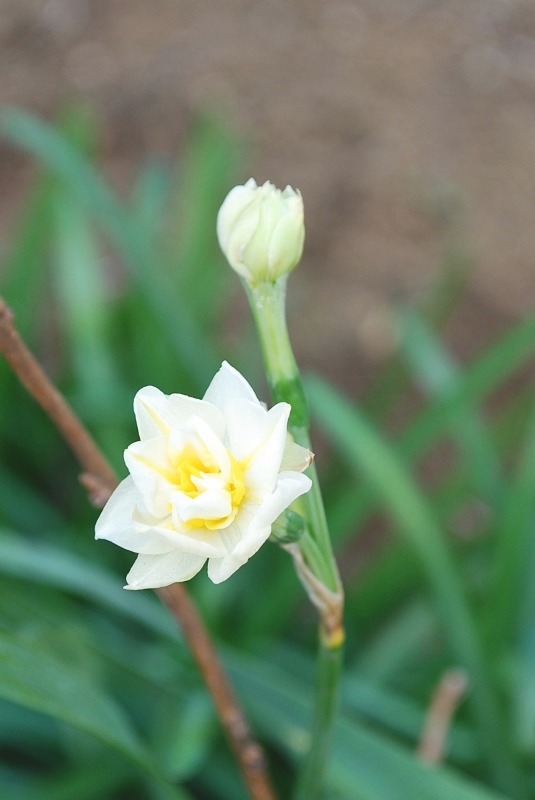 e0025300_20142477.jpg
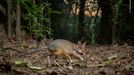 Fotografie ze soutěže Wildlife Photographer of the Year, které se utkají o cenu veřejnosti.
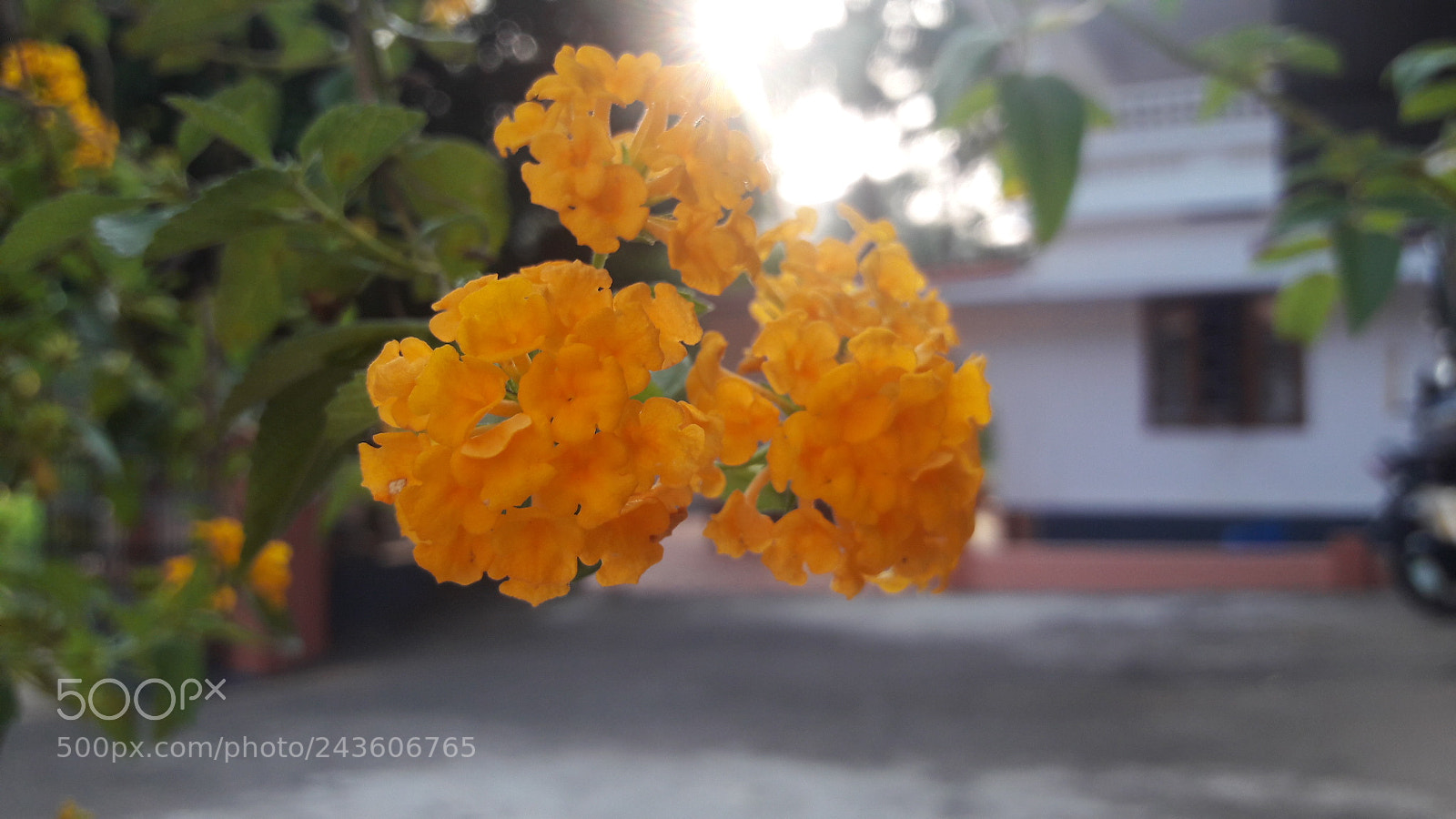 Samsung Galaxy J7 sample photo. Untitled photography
==
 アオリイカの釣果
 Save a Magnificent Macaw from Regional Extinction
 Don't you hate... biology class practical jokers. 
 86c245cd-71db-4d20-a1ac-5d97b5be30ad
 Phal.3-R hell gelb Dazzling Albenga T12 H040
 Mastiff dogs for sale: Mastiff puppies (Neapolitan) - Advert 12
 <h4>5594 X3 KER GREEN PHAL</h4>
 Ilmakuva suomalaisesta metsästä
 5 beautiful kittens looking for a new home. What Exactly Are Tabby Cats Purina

*TASK DESCRIPTION*: Reproduce the listing above from the line that holds "Fotografie ze soutěže" through the line that holds "Samsung Galaxy J7", both included, with the pictures left out.

*SOLUTION BELOW*:
 Fotografie ze soutěže Wildlife Photographer of the Year, které se utkají o cenu veřejnosti.
 Samsung Galaxy J7 sample photo. Untitled photography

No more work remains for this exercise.